**What this task involves**
For the material below, reproduce exactly each line from the one that has "2016 BMW 528I" through the one that has "Item preview, GURDJIEFF- watercolor", and no others; pictures stay out.

**Data for review**
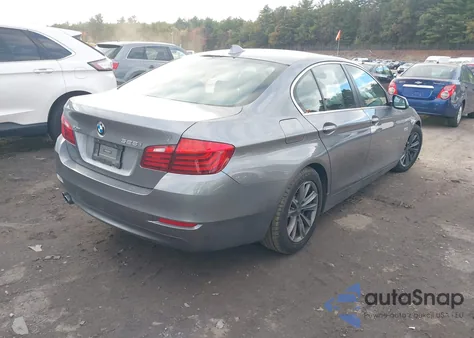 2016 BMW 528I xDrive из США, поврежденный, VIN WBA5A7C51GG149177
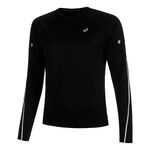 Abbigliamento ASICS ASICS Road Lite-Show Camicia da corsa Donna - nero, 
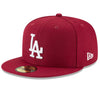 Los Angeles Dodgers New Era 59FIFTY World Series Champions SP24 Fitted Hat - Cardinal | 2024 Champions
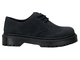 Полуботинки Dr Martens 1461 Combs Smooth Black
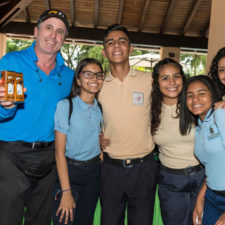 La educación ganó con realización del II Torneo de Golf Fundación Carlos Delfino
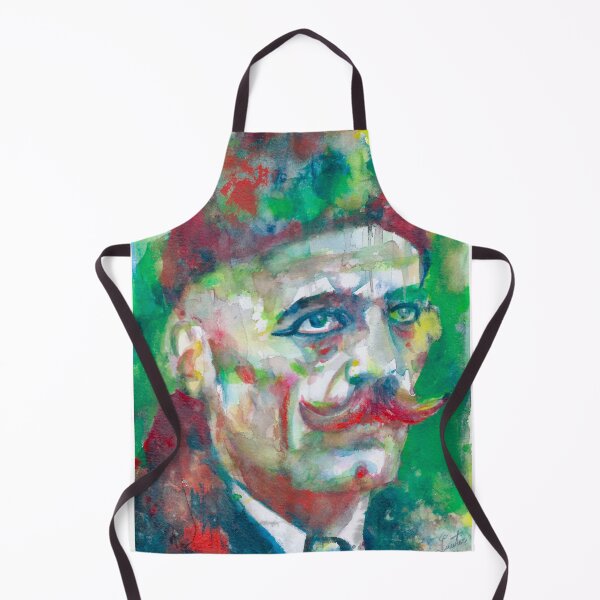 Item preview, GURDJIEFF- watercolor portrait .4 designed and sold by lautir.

---

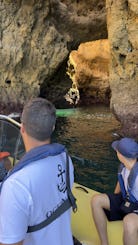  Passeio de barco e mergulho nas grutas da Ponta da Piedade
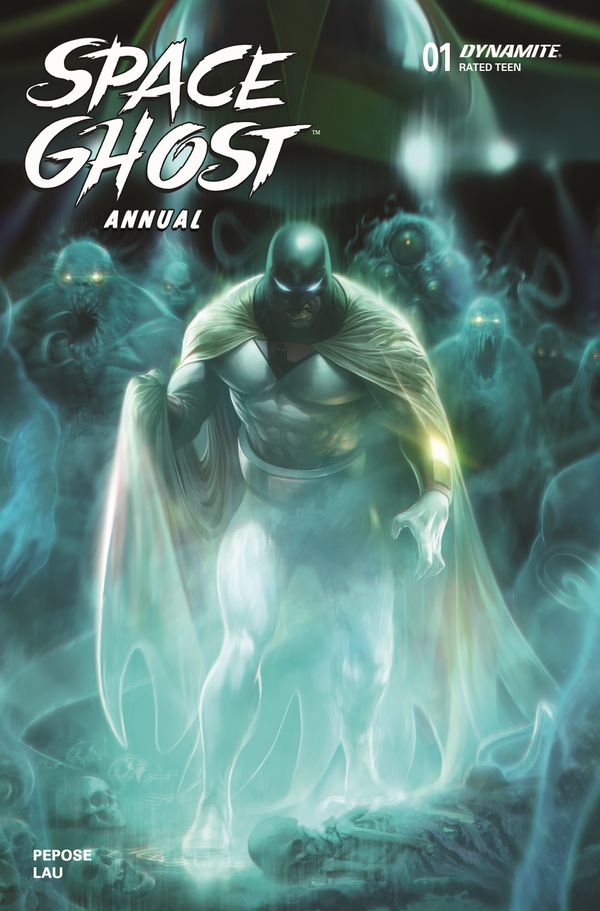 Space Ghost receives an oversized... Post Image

**Result**
 2016 BMW 528I xDrive из США, поврежденный, VIN WBA5A7C51GG149177
 Abbigliamento ASICS ASICS Road Lite-Show Camicia da corsa Donna - nero, 
 Los Angeles Dodgers New Era 59FIFTY World Series Champions SP24 Fitted Hat - Cardinal | 2024 Champions
 Полуботинки Dr Martens 1461 Combs Smooth Black
 La educación ganó con realización del II Torneo de Golf Fundación Carlos Delfino
 Item preview, GURDJIEFF- watercolor portrait .4 designed and sold by lautir.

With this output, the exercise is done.